You'll find that the printing side is very subjective too.

Different people prefer different tones and contrast levels for example.

Making 36 prints from negatives will be a labourious task, taking possibly over a whole day depending on how good the film exposures are and how good you want your prints!


----------



## Torus34 (Apr 27, 2006)

The gear needed to develop B&W film is dirt cheap and the process is easy.  Why don't you do it yourself and cut out the middle man?


----------



## ksmattfish (Apr 27, 2006)

You don't even need a darkroom to develop your own film.  

You would need one to make your own gelatin silver prints.


----------



## Matt_Gill (Apr 28, 2006)

SO how much would i need to "invest" if i wanted to print my own?


----------



## ThomThomsk (Apr 30, 2006)

Matt_Gill said:
			
		

> SO how much would i need to "invest" if i wanted to print my own?



It depends what is on eBay at the time, but if you time it right you can be set up for 35mm for well under £100, and that is for everything you need to develop and print.
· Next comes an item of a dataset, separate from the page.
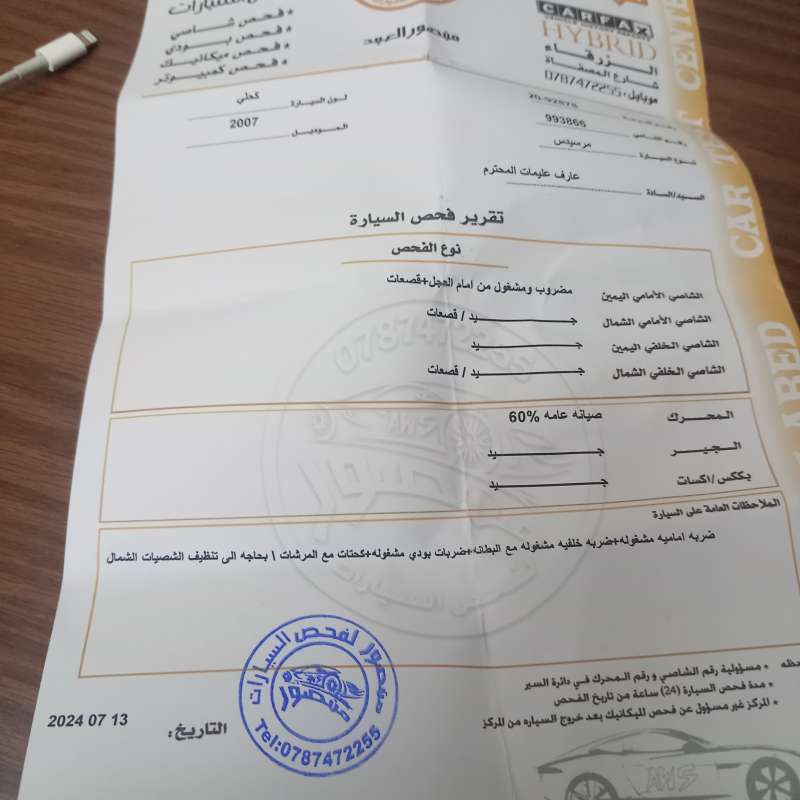 مرسيدس E200 المفرق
A lot of enlargers don't sell at all, or go for pennies.

It's amazing what you can get. I recently bought a Durst M370 enlarger (£230 new) with Nikon 50mm and 80mm lenses (total of £250 new at a guess, probably more), a Durst conversion kit to do 6x7 medium format (£200 brand new), a printing easel and two boxes of Ilford paper (£60 worth) for a grand total of £80.


----------



## benhasajeep (May 4, 2006)

For developing just the film. Just a very dark closet or a changing bag. A film developing container. A couple flim spools. And the chemicals. Can do everything but load the film on the reels in daylight (and put them in the container). So you can use the kitchen or bathroom sink for the water needed. It is really straight forward. And black and white is not as temperature dependant as slide or color film. There is a reason so many people did black and white at home. It is honnestly not that hard.

I still enjoy doing slide film at home. I do use a Jobo processor for that. But all it really is, is a temper bath for the chemicals and a motor that cycles back and forth. Slide can even be done without equipment!


----------



## Rolleistef (May 14, 2006)

yep it's damn cheap : 
20£ for a good small tank
15£ for the chemicals
35£ is not that expensive
and looking on ebay you can have enlarger for a couple of pences. Just need a red light and paper process chemical, fixer is the same.
A "dark room" doesn't need to be utter dark : just need a pair of shutters, thick curtains and that's all. Oh, and also 4 basins but it's no use mentioning it.
And doing all by yourself is really enjoyable.
Processing a film is worth 40 pence, printing a photo around nothing. You'll save a lot of money!!
Good luck


----------